The incoherence extends to the central performance; despite being washed across the publicity for Britannicus, Nathanial Curtis is the weak link in the otherwise strong cast. He struggled to paint an emotional portrait of the eponymous protagonist with an unrestrained performance straying too easily into adolescent histrionics and plastic physicality. All this became all the more apparent whenever he shared the stage with Shyvonne Ahmmad whose gorgeously fluid and often hypnotic performance as Junia added rich depth to her character's psychology. His inevitable demise at the hands of Nero couldn't come soon enough.
Fortunately, William Robinson's Nero was captivating. Whilst he had the potential to be truly unsettling, with his obnoxiously white tracksuit he strutted around the stage as a pompous brat and threw chair-kicking tantrums that would make Game of Thrones' King Joffrey cringe, but he just the missed the mark. Too quickly stripped of any sense of majesty, it was difficult to regard the tyrant as and genuinely threatening, more SoundCloud rapper than despotic dictator.

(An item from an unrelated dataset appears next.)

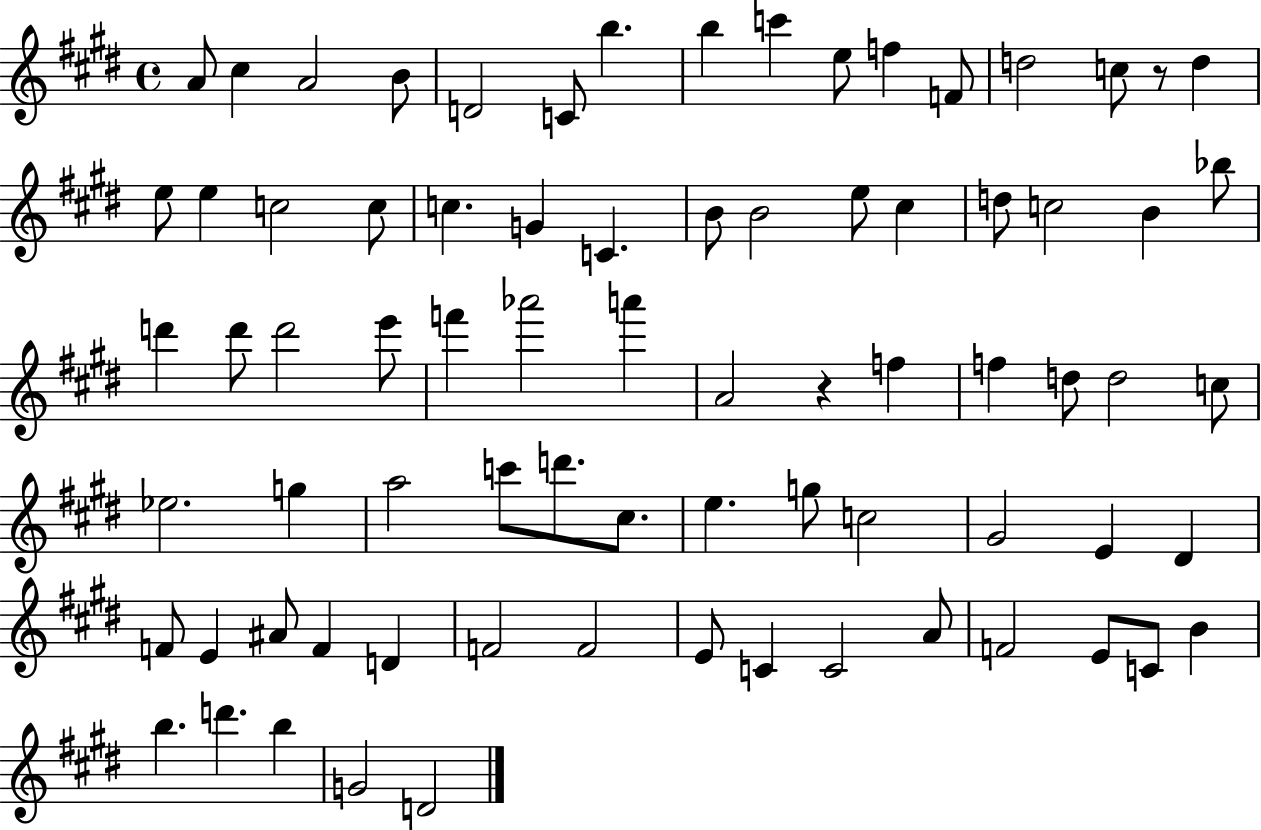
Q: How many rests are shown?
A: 2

With that said, his scenes alongside Sirine Saba, whose powerhouse performance as the Machiavellian kingmaker Agrippina electrified the production, are the unquestionable highlights. Her commanding presence shrunk him to size as he clung to her legs like a toddler. Saba is aided by Wertenbaker's tight translation. The language is clean and precise, capturing the magnitude of classical tragedy but without becoming swampy or overly dense. Saba wields the language like ammunition firing it across the stage to create an image of a zealous power monger.
But as strong as the script and the supporting cast are, the die has already been cast. Without a stable central performance or unified creative vision, the production lacks concrete direction drifting from seriousness to silliness and back again at the drop of a hat. It is hard to understand what the creative team what their audience to take away from the production. On paper Britannicus is politically and dramatically fruitful, packed with questions about politics, gender, and power that are ripe for interpreting. But if there is if there is any commentary here it is lost in the fray.
Britannicus plays at The Lyric Hammersmith until 25 June.